- **Prompt**
Please copy exactly the lines from the first in the records through the line that contains "Photosynthetic eukaryotes, such", but not the pictures.
(Beginning of Material supplied)
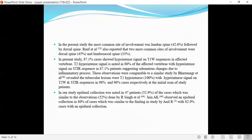Dan Tachavir et al. reported end plate destruction in 43% of cases. In the present study, the most common site of involvement was lumbar spine followed by dorsal spine. 87.1% of cases showed hypointense signal on T1-weighted sequence. T2 hyperintensity was noted in 80% of affected vertebrae, with hyperintense signal on STIR sequence in 87.1% of patients, suggesting bone marrow changes due to inflammatory process. These observations are comparable to a similar study by Bhatnagar et al., which revealed T1 hypointense signal with hyperintense signal on T2 and STIR.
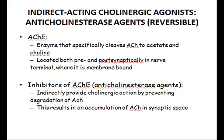So what is acetylcholinesterase? It is an enzyme that specifically cleaves acetylcholine into acetate and choline. It is normally present in normal neurotransmission at the cholinergic neuron because it regulates the amount of acetylcholine. It is located both pre- and post-synaptically at the nerve terminal where it is membrane-bound.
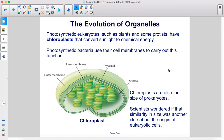Photosynthetic eukaryotes, such as plants and some protists, have chloroplasts that convert sunlight to chemical energy. Photosynthetic bacteria use their cell membranes to carry out this function. Chloroplasts are also the size of prokaryotes, and scientists wondered if that similarity in size was another clue about the origin of eukaryotic cells.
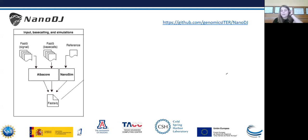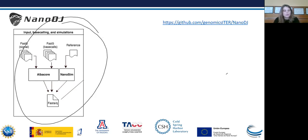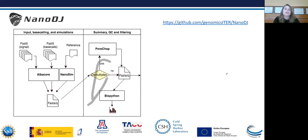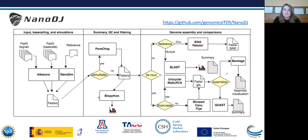This is the workflow of NanoDJ. We can start with a Fast5 file and do the base calling with Albacore. Nowadays, the base calling is carried out with other software called Guppy while the sequencing is occurring. So you can start also with a FASTQ file. You can also start with simulated reads using NanoSim and a reference genome. Then there are also demultiplexing steps and quality control steps using BioPython. And you can also do an assembly with the two methods mentioned — sequence alignment or de novo assembly.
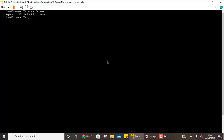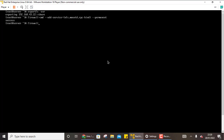Now the /share folder is being shared with client 192.168.43.22. We need to make some firewall changes: use firewall-cmd to add the services NFS, mountd, and rpc-bind permanently, then reload the firewall using firewall-cmd --reload. The server configuration is now done.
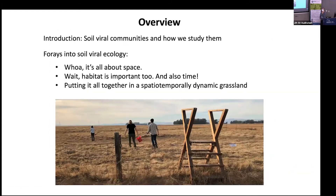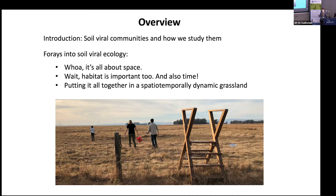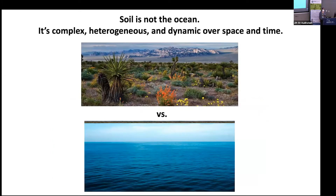By way of introduction, we're going to start with soil viral communities — what they are and how we study them — then go in roughly chronological order of what our lab has been learning over the last five years. First, it's all about space. Then as we started teasing apart space, we figured out habitat is also important, and time. Finally, I think we're at a stage where we can more intelligently design experiments in a spatio-temporally dynamic grassland.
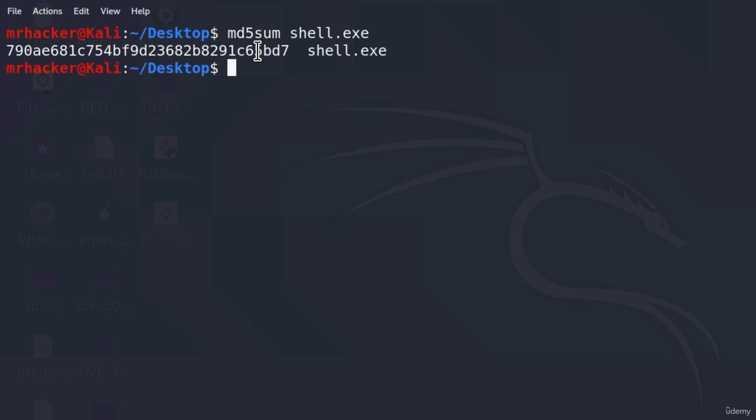As well as, if you have for example the source code of a payload, what you can do is you can try to change it yourself a little bit. Just add some random functions, or make your program not do anything for first minute or two after running. All of these things can help you bypass antivirus.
(End of Material supplied)
- **Written reply**
Dan Tachavir et al. reported end plate destruction in 43% of cases. In the present study, the most common site of involvement was lumbar spine followed by dorsal spine. 87.1% of cases showed hypointense signal on T1-weighted sequence. T2 hyperintensity was noted in 80% of affected vertebrae, with hyperintense signal on STIR sequence in 87.1% of patients, suggesting bone marrow changes due to inflammatory process. These observations are comparable to a similar study by Bhatnagar et al., which revealed T1 hypointense signal with hyperintense signal on T2 and STIR.
So what is acetylcholinesterase? It is an enzyme that specifically cleaves acetylcholine into acetate and choline. It is normally present in normal neurotransmission at the cholinergic neuron because it regulates the amount of acetylcholine. It is located both pre- and post-synaptically at the nerve terminal where it is membrane-bound.
Photosynthetic eukaryotes, such as plants and some protists, have chloroplasts that convert sunlight to chemical energy. Photosynthetic bacteria use their cell membranes to carry out this function. Chloroplasts are also the size of prokaryotes, and scientists wondered if that similarity in size was another clue about the origin of eukaryotic cells.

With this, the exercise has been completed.